Expense Tracker
PassAudited by ClawScan on May 10, 2026.
Overview
Expense Tracker appears benign: it stores expense entries locally in markdown files, with no credentials or network access, but those files may contain personal financial details.
This skill is reasonable to use if you want a local markdown-based expense log. Be aware that it will save personal spending information under the workspace expenses directory, so review entries for accuracy and avoid recording details you would not want stored locally.
Findings (2)
Artifact-based informational review of SKILL.md, metadata, install specs, static scan signals, and capability signals. ClawScan does not execute the skill or run runtime probes.
The agent may create or update local expense files when it interprets a conversation as an expense to log.
The skill instructs the agent to run a local helper command that appends expense entries based on spending mentions. This is aligned with the stated expense-tracking purpose, but it does mutate local records.

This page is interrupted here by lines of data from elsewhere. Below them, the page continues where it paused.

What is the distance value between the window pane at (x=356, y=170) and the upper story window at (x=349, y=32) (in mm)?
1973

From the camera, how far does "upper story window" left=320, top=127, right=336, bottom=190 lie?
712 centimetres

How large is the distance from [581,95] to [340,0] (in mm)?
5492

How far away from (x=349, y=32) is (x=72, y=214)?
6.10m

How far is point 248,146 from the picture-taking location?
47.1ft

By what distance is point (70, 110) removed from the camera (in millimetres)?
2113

When the user mentions spending money: ```bash # User: "Just paid 35k for coffee" python3 scripts/log_expense.py log 35000 Coffee ```
Use the skill when you intend expenses to be recorded, and review or edit the generated expense markdown files if an entry is wrong.

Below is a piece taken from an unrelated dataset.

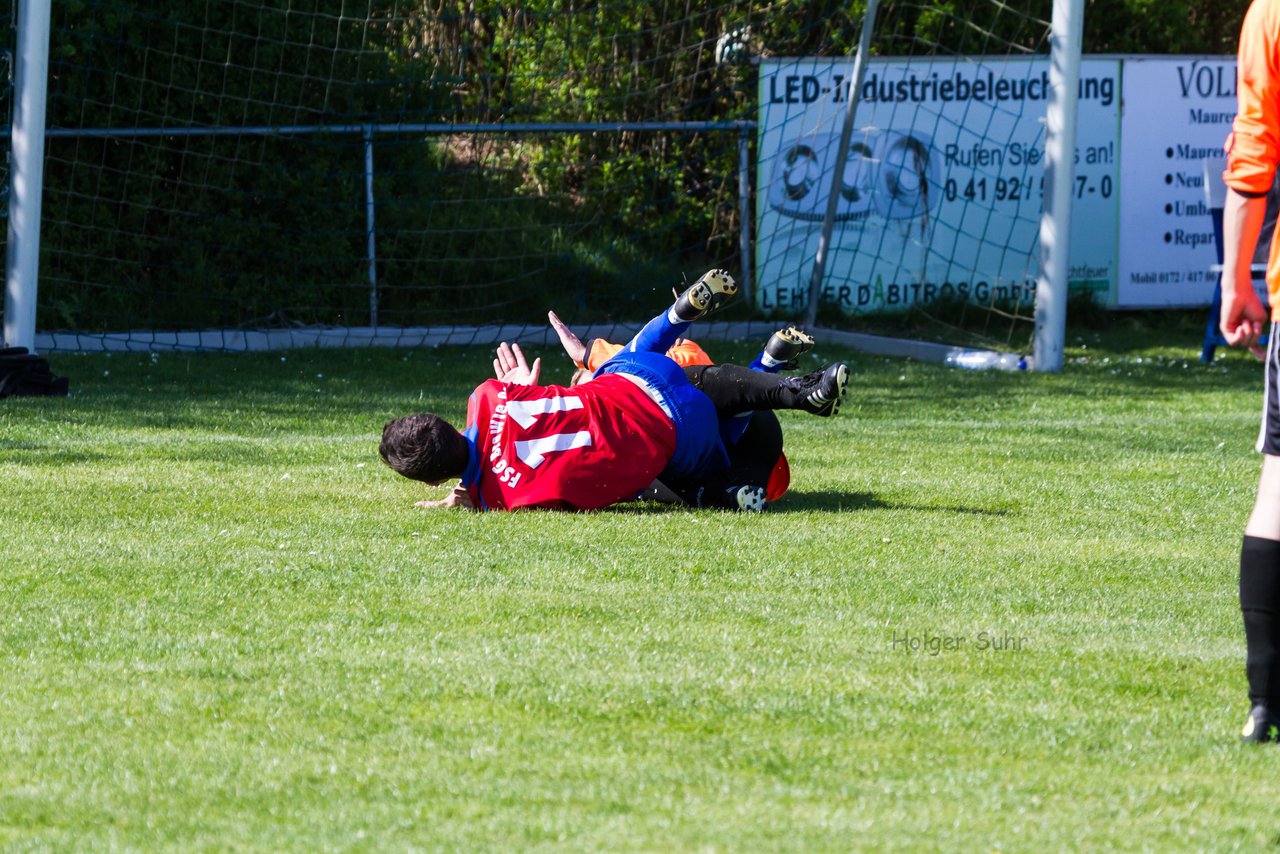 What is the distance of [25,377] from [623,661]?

Anyone or any later agent task with access to the workspace could see the stored personal spending details.
The script persistently stores expense amounts, categories, descriptions, and tags in local workspace markdown files. These records may later be read for summaries or analysis.
workspace_path = Path.home() / ".openclaw" / "workspace"
...
entry = f"| {date} | {category} | {amount_str} | {description} | {tags} |\n"
...
f.write(entry)Keep descriptions and tags appropriate for a local finance log, protect the workspace, and treat saved expense file contents as data rather than instructions.